So when she and a friend noticed a man who appeared to be sleeping rough in Bendigo on Sunday she knew she had to help.

But when Ms Allie tried to find emergency accommodation for the man, even stumping up her own money to get him a place in a backpackers’ lodge, she discovered it was no easy task.

After inviting the man back to her house where she offered him a shower and a meal, Ms Allie got to work.

“I started ringing all these numbers [for homelessness services],” she said.

“We tried the two cheapest places I could find online for him to stay.

“[One of them] was $80 and I pleaded with the man to take the $50 which was all I had and I would come pay the other $30 today, and he just said ‘we don’t have that kind here’.”

With nowhere left to turn, and most of the city’s hotels and motels booked out for the Australian Sheep and Wool Show, Ms Allie made the difficult decision to allow the man, whom she had met just hours earlier, to stay under her roof.

“What choice did I have?” she said.

“I can’t put my cat out in the cold, let alone put him out in the cold.”

Ms Allie drove the man to Haven; Home, Safe the next morning where she was hopeful the staff would have more luck.

HHS chief executive Ken Marchingo said crisis accommodation was hard to come by in Bendigo, especially on weekends.

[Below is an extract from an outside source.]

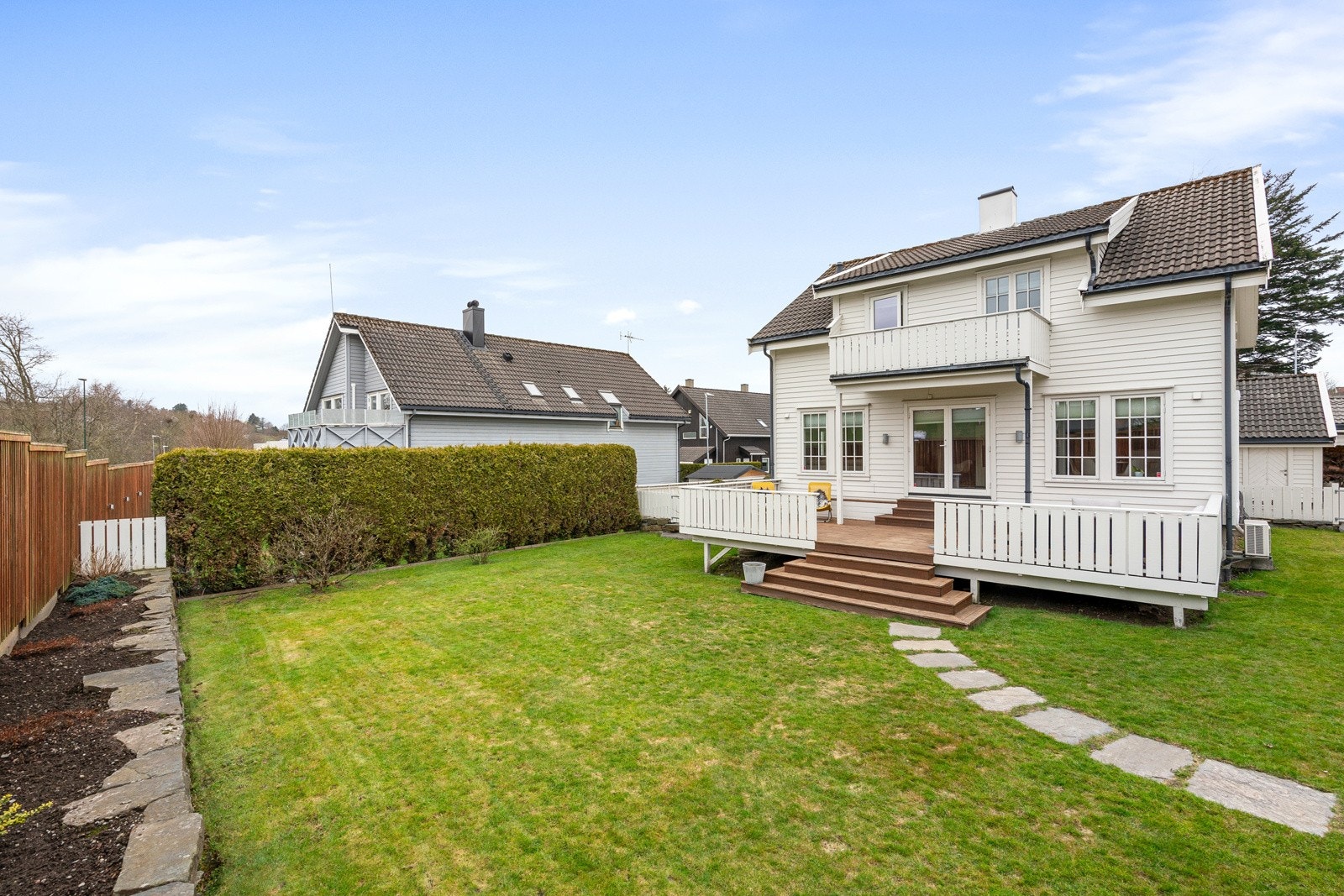 Tomten er pent opparbeidet med grøntareal, heller, terrasse og beplantning. Galleribilde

Mr Marchingo said many of the cheap accommodation options which once existed in the region had now disappeared, leaving services like HHS reliant on more expensive options.

“The reality is that we are in a booming regional city, and as part of the booming regional city we have tremendously valuable events and showcases and sporting carnivals that happen almost every weekend, so as a result, almost every weekend whatever accommodation in town that’s available is fully booked,” he said.

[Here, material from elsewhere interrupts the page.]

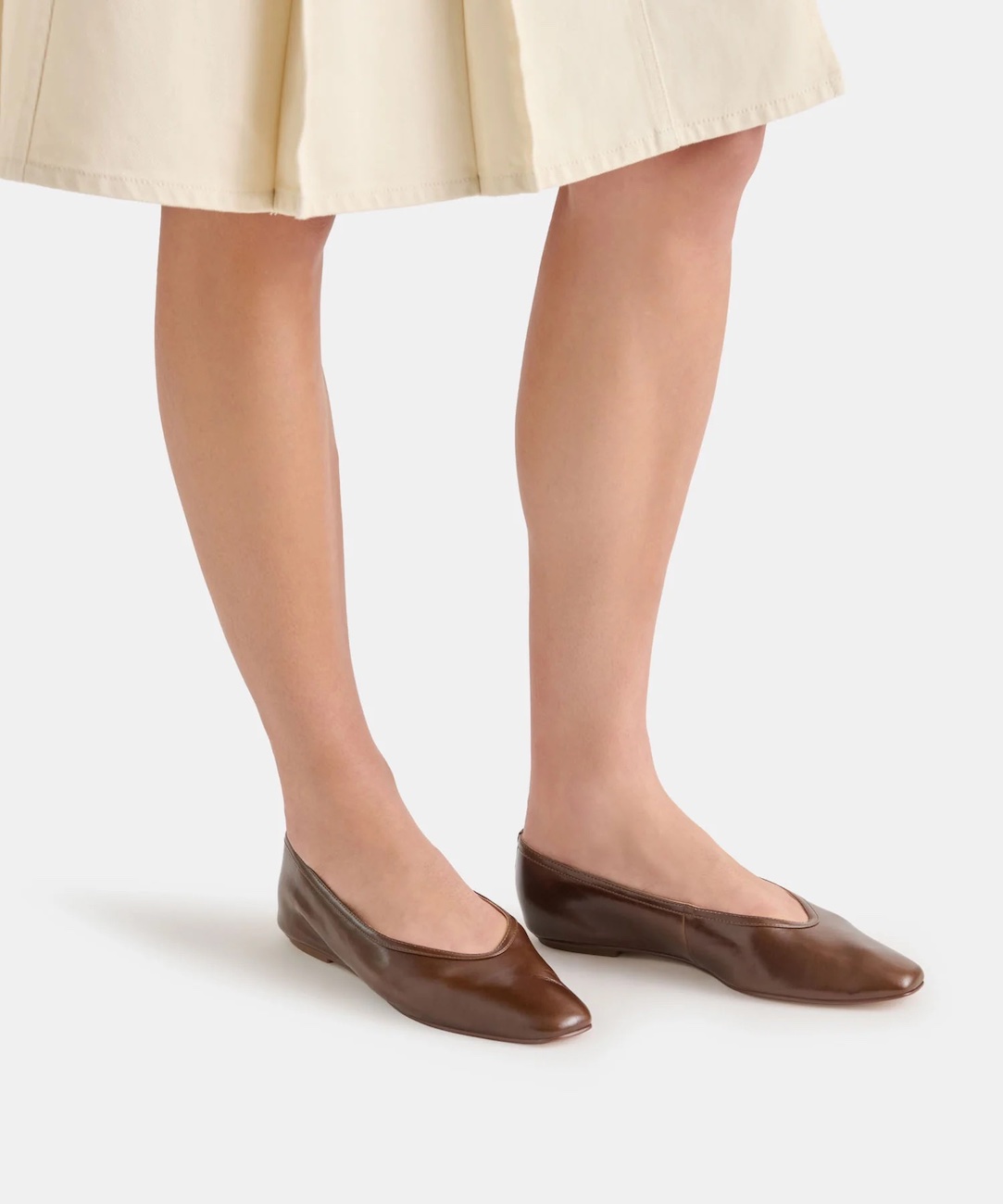 Person wearing a cream skirt and brown pointed-toe flats, standing on a light surface.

“We could hope for nothing better than to see all of our commercial businesses booked out solidly for these big weekends because that’s fabulous for the city, and it creates a long tale of often low-skill jobs which is fabulous for the community and fabulous for our low-income-earners. The unfortunate thing though, is that yes, it does mean that people who are suddenly homeless don’t have any options.”

Camp out for homelessness cancelled

Haven; Home, Safe has been forced to cancel a planned fundraiser for homeless people in Bendigo.

The Car Camp Out had been planned for August 6.

“It is with great disappointment that we announce the cancellation of this year’s Car Camp Out fundraiser for the homeless,” HHH spokeswoman Sue Masters said.

“We recently discovered, and only by chance, that the showgrounds venue had been double-booked for 6 August. This posed significant traffic and event management issues.

“Unfortunately, there were no other suitable venues available able to safely and securely cater for up to 2000 campers and we were unable to rebook the entertainers, staging, security and support staff, etc, for a later date in August.

Ms Masters thanked those who had supported the event and apologised for the inconvenience.

All ticket holders have been reimbursed and HHH plans to hold a separate fundraiser during Homelessness Week in August.